Spor yazarları tek geçti
Abone olMilli takım bir yana o bir yana konuldu. Spor yazarları onu zirveye çıkardı. Çek maçı için bakın kim ne dedi?
3-2'lik galibiyete spor yazarları da inanamadı. Son 15 dakikada gelen 3 gol yorumcuları da allak bullak etti. Maçı kahramanı Arda'yı göklere çıkardılar. İşte uzun süre hafızalardan silinmeyecek maçla ilgili spor yazarlarının görüşleri:
(MİLLİYET) RIDVAN DİLMEN: ARDA'YI HAYRAN KALDIM
Fatih Terim’i eleştirdik. Tabii ki saygı çerçevesi içinde. İsviçre maçının ikinci yarısında sahneye çıkan Terim doğru takımla sahaya çıktı, doğru değişiklikler yaptı. Oyunu hiç bırakmadı. Saha içinde yüzde doksanımız maçı bırakmıştı. Ama Terim kendisine öyle bir yardımcı oyuncu bulmuş ki, onun adı Arda’ydı. O maçı bırakmadı, oynadı, oynattı.

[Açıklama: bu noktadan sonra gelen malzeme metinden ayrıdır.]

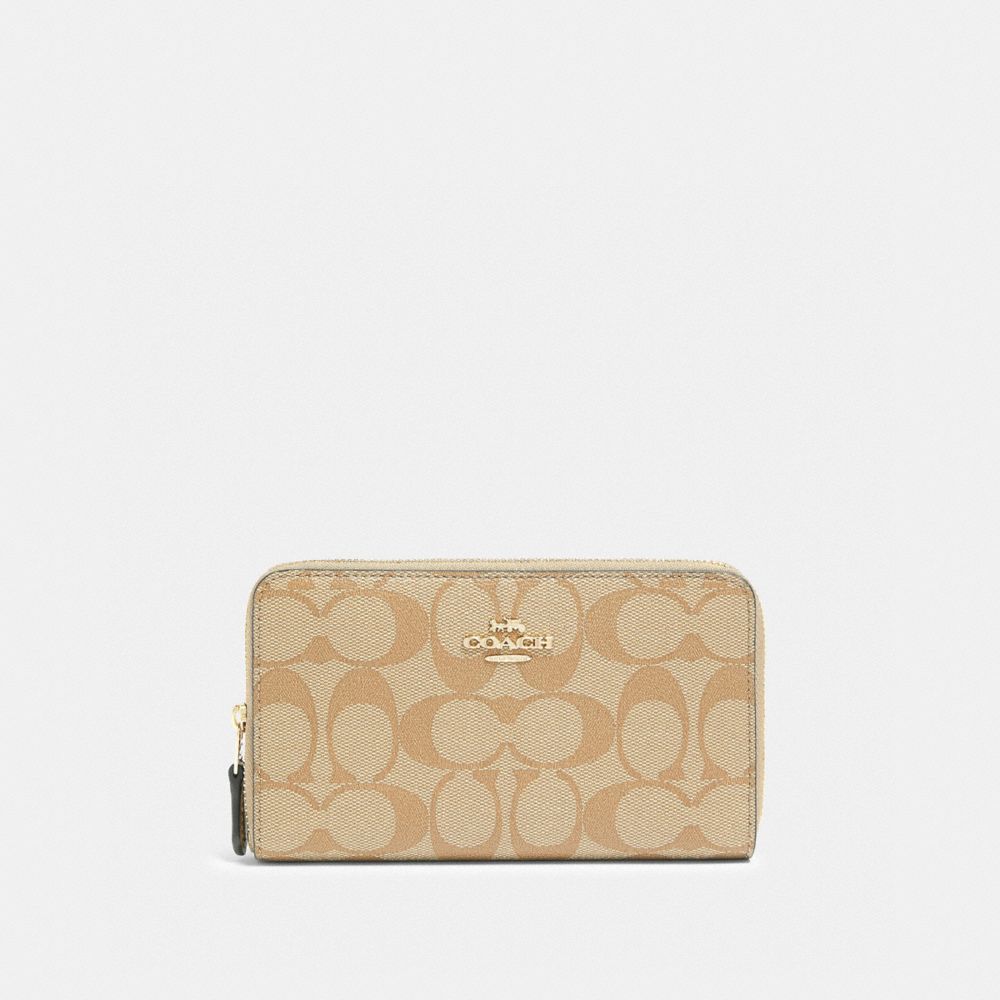 MEDIUM ZIP AROUND WALLET IN SIGNATURE CANVAS - IM/LIGHT KHAKI CHALK - COACH 88913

Günümüz futbolunda çok önemli yıldızlar var ama o yıldızların arkadaşlarına ihtiyacı var. 70’li yıllarda tek başına maç aldı derlerdi. Arda kimseden destek almayarak Çekler’i paramparça yaptı. Yine de çok önemli dersler çıkarıyoruz çeyrek finale kalırken.
(MİLLİYET) MEHMET DEMİRKOL: EFSANEVİ ARDA TURAN
Bu turneyi utanarak kapatmamızı engelleyen de İsviçre maçındaki son dakika golüyle birlikte bu oldu. Bu oyunu sağlayan adam sonra oyunu geri de getirdi. Arda Turan...
Arkadaşları kusura bakmasın, onu bu efsanevi zaferde başka bir yere koymak zorundayız. Futbol bir takım oyunudur evet ve takıma takım olduğunu hatırlatan birileri gerekiyor bazen. O adam Arda Turan’dı. Genç yaşında artık çok büyük.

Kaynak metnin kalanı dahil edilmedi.